The pay machine there accepts money for daytime parking up until 7pm and then, and only then, can you buy a valid overnight ticket.

It doesn't make this clear in any language so, you will note if you look carefully, there is always some well-meaning motorhomer standing next to it and explaining how to use the machine. When we were last there the self-appointed guardian was Belgian. No-one actually believes what he said; everyone has to go and test it for themselves and then come back and agree with the guardian. 

We hit the jackpot however. We put in 2 euros to last until 7pm and got 2 euros 50 change and a ticket.
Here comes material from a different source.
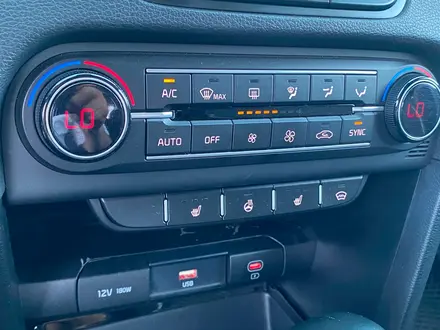 Kia Cee'd Prestige 2023 года за 8 690 000 тг. в Астана – фото 16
When we got back to buy our overnight ticket the machine had broken...though no-one believed the man currently explaining it and everyone had to have a go themselves......

Much more fun than even the storks !

G


----------



## peejay (May 10, 2005)

...and who can cast their minds back to 2005 when the unofficial beachside parking at Calais beacame a 'proper' aire?

Nice shiny barrier system installed and you had to walk around to the municipal campsite to get a swipe card for the barrier.... and leave a €50 deposit 8O

Needles to say, that system, and the barrier, didn't last long...

http://www.motorhomefacts.com/ftopicp-53481.html#53481

Pete


----------



## raynipper (Aug 4, 2008)

I see the odd one or two in market squares.
You have to read the notices or wake the next morning surrounded by fruit and veg.

Bayeux, St. Sauveur le Vicomte, etc.

Ray.


----------



## ojibway (May 9, 2005)

We went to St Valery from Le Crotoy to empty and fill up with fresh water a few days ago only to find they have installed a new entry system with barriers, entry and exit.
We didn't go in but saw an English couple having trouble getting out.
I went to see if I cold help.
Seems they had paid but the scanner said 'invalid'. I 'phone the emergency number on the console and was told that they should try moving the van back a bit but that, if that didn't work to call them back.
They tried and it worked.
But, with all the confusion and standing around the exit the lady from the van was hit on the head by the barrier coming down!
Moments later the local police arrived and were very courteous and helpful, offering even to call the ambulance but it wasn't required.
They were not the only ones confused by the system - some French motorhomers were too.
Of course the instructions are in French only, so you have to understand what "retirez un peu" means!
Meanwhile queues are building up behind, the French are doing their usual 'shrug' :?:and the Dutch and Germans are showing irritation :roll: at the incompetence of the British 
Mike and Annie :wink:


----------



## Grizzly (May 9, 2005)

What about our favourite first night stop at Arques ?

The service area is a quite large concrete strip next to the campsite with borne and drain. The overnight area is large, pleasant, backing on to a big park and fronted by lakes but a drive away around the lake.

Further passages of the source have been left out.